On Mon, Jun 21 2021, Jonathan Tan wrote:

>> On Wed, Jun 16 2021, Jonathan Tan wrote:
>> 
>> > This is a continuation of the work from [1]. That work described the
>> > reasons, possible features, and possible workflows, but not the
>> > implementation in detail. This patch set has an MVP implementation, and
>> > my hope is that having a concrete implementation to look at makes it
>> > easier to discuss matters of implementation.
>> 
>> My C on this RFC is:
>> 
>> 1) A request that someone reply (there or here would do) to my comments
>>    on the last iteration of this at:
>>    https://lore.kernel.org/git/874kghk906.fsf@evledraar.gmail.com/
>
> OK - I'll take a look at that.
>
>> 2) I think you'd get better feedback if you CC'd the people who've been
>>   actively discussing this in previous rounds.
>
> Good point.
>
>> > Design choices:
>> >
>> >  1. Where should the suggested hooks be in the remote repo?

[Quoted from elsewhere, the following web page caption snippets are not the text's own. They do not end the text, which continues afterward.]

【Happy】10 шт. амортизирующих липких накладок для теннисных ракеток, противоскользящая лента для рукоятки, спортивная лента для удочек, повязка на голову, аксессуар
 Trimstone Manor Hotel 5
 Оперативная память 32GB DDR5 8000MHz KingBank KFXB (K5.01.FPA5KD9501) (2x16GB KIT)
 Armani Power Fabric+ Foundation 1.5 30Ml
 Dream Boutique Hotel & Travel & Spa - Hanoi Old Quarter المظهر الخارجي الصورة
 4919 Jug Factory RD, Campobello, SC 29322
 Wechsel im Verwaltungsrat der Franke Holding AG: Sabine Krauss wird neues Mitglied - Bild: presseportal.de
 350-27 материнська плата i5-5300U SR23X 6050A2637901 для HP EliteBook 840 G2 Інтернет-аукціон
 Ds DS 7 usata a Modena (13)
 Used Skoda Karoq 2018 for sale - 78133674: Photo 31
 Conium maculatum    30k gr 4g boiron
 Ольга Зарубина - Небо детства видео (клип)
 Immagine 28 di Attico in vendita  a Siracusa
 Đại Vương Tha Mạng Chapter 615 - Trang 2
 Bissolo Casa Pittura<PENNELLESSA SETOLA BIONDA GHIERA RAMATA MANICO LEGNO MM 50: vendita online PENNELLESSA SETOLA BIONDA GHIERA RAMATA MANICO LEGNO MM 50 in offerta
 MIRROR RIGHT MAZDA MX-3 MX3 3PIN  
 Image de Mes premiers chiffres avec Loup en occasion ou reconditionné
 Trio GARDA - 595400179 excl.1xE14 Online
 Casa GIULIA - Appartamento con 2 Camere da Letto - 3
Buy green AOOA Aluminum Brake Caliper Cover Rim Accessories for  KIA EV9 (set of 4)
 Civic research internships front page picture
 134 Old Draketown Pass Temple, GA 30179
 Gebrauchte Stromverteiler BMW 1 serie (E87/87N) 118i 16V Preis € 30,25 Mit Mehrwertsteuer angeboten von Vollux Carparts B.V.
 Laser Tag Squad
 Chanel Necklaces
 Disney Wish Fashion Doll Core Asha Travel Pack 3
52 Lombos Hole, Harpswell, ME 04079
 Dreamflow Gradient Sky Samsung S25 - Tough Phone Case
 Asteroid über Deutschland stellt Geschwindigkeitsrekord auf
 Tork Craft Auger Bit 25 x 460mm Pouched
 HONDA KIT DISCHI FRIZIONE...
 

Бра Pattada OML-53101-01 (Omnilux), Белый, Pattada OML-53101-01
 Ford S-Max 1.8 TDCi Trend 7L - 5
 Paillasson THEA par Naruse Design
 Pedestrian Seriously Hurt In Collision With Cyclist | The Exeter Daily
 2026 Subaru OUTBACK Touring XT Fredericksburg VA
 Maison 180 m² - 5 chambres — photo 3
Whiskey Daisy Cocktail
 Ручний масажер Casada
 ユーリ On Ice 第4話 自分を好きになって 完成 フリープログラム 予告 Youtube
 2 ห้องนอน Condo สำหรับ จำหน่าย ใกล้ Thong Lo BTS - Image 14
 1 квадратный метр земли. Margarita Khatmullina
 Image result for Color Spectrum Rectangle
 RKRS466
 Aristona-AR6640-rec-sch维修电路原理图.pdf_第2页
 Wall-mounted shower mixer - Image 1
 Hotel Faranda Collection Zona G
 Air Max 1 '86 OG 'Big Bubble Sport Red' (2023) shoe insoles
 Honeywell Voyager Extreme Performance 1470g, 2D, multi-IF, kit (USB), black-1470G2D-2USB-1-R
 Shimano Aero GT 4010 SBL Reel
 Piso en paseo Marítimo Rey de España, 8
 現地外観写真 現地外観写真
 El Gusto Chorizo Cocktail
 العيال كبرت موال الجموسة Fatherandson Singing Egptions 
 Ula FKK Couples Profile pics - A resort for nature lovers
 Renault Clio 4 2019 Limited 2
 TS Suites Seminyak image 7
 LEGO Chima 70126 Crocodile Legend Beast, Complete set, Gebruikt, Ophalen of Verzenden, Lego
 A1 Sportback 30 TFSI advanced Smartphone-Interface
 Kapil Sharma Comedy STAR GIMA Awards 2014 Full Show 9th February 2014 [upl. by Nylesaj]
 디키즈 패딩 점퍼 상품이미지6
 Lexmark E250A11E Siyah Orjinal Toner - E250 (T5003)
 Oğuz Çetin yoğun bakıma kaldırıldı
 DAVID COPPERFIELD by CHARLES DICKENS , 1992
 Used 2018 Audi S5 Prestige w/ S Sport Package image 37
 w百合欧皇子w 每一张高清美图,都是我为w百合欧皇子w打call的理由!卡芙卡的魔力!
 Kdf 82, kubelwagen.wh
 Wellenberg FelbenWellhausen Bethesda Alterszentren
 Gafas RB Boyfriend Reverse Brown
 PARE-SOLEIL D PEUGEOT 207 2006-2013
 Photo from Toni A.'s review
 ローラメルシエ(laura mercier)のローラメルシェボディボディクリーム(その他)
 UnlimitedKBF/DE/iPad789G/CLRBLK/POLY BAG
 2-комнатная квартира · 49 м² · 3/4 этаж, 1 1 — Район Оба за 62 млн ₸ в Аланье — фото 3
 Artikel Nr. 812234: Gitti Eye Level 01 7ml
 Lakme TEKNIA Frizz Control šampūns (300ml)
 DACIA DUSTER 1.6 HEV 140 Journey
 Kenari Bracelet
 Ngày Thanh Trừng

A branch,
>> >     a non-branch ref, a config? I think that a branch is best - it is
>> >     relatively well-understood and any hooks there can be
>> >     version-controlled (and its history is independent of the other
>> >     branches).
>> 
>> First, unlike brian I don't (I hope I'm fairly summarizing his view
>> here) disagree mostly or entirely with the existence of such a feature
>> at all. I mean, I get the viewpoint that git shouldn't bless what
>> amounts to an active RCE from the remote.
>> 
>> I just think that we could probably do a better job of it than what
>> people are doing in practice, and I've seen people do stuff like have
>> build systems setup permanent symlinks to git-hooks/<some-name> in the
>> tracked dir. We could at least envision a git-native implementation
>> asking the user "do you want this hook update? <shows diff>".
>> 
>> I just find this design approach completely bizarre as noted (probably
>> in less blunt words) in the linked E-Mail.
>
> That's fair. You suggest an alternative below (and maybe more in the
> linked e-mail) - let's look at your suggestion...
>
>> We have Emily's series to convert hooks to be config driven that we hope
>> to land in some form, at that point they won't be any more of a special
>> snowflake than any other config.
>> 
>> And then, instead of doing what I'd think would be the natural result of
>> that: Simply supporting an in-repo top-level ".gitconfig" file. We're
>> still going to seemingly forever have them be an even more special
>> snowflake with this facility, and the reason seems to be mostly/entirely
>> to do with working around some aspect or restriction of Google's
>> internal infrastructure.
>
> I don't think that this is "natural". In particular, I still don't think
> that hooks should be tied to code revision. E.g. if we make commits
> based on an old revision and push them, we still want them to follow the
> latest requirements.

Even for real-world centralized workflow situations where I've seen
people think they want that, and the end of the day they almost never
actually want that.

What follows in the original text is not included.